Une douce folie envahit le lieu. Une rumeur, dans un couloir : « Nous boirons à Oiron ». Les murmures gagnent en fréquence, s’éteignent brusquement lorsque l’on passe une porte. Aux murs, des services tatoués d’anonymes profils. Tel au long nez, tel au front dégagé, comme autant de fantômes attendant de paraître.
Les couloirs s’allongent, distordant les distances aussi facilement que les esprits. Des cercles bleutés se mettent en forme, avant de s’égarer sur la blancheur des parois. Les détours apportent quelques certitudes : des peintures anciennes garantissent une ancienneté tangible. Très vite cependant, de nouveaux éléments de vertige ; photos d’enfants sur les murs mêlés aux toits à la française, brûlures quotidiennes du soleil sur de grands panneaux blancs.

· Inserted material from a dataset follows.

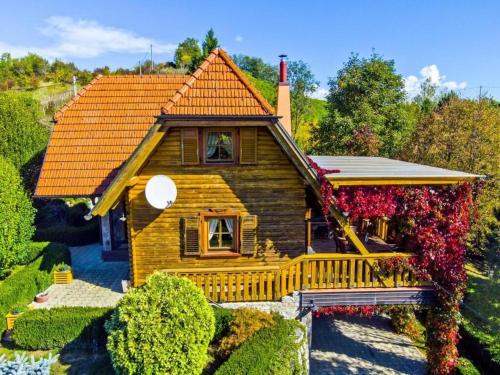 a model of a house with a porch at House Grga in Gornja Voća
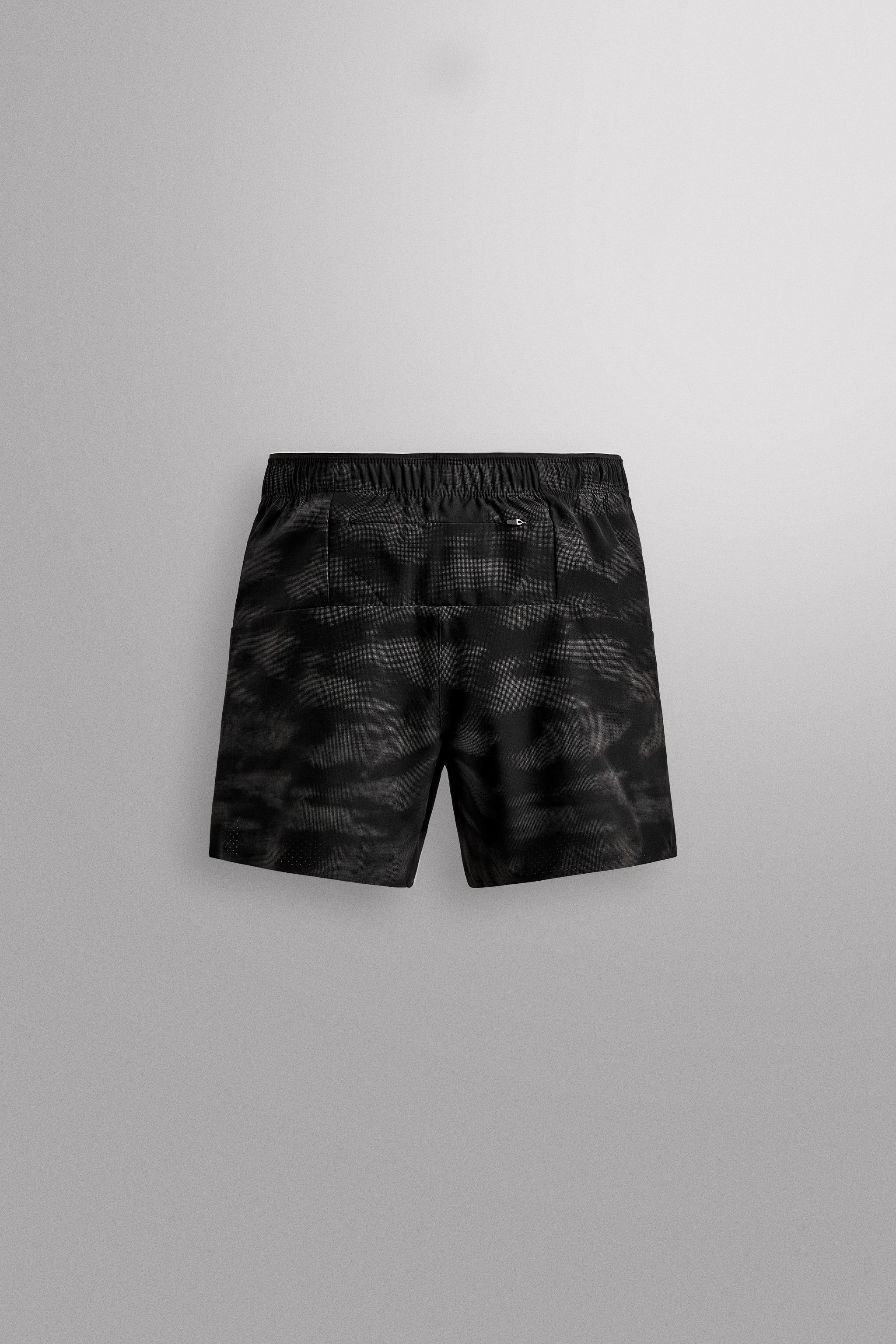 PERFORATED RUNNING SHORTS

Les pièces continuent de proposer quelque défi intellectuel à ceux qui les investissent. L’esprit, en conflit avec le regard, s’abstient de tout jugement. La trahison n’est jamais loin ; les cadres vides de tableaux proposent des thèmes sans sujets. Mais dans une galerie, tout reprend forme : les plafonds peints reprennent les symboles connus, marques du bucolique et de l’ésotérique.
Ce qui fut demeure de l’art le restera. En cela Oiron est à la hauteur de sa réputation. Plus encore, car les œuvres exposées induisent un caractère insaisissable. C’est, en fait, un parcours qui commence au parc et suit les détours hasardeux de volontés démentes ou géniales. Ce circuit, pour rassurer, a laissé les grandeurs du passé. Cela vit, et plutôt bien. Cela étourdit et fait le lien.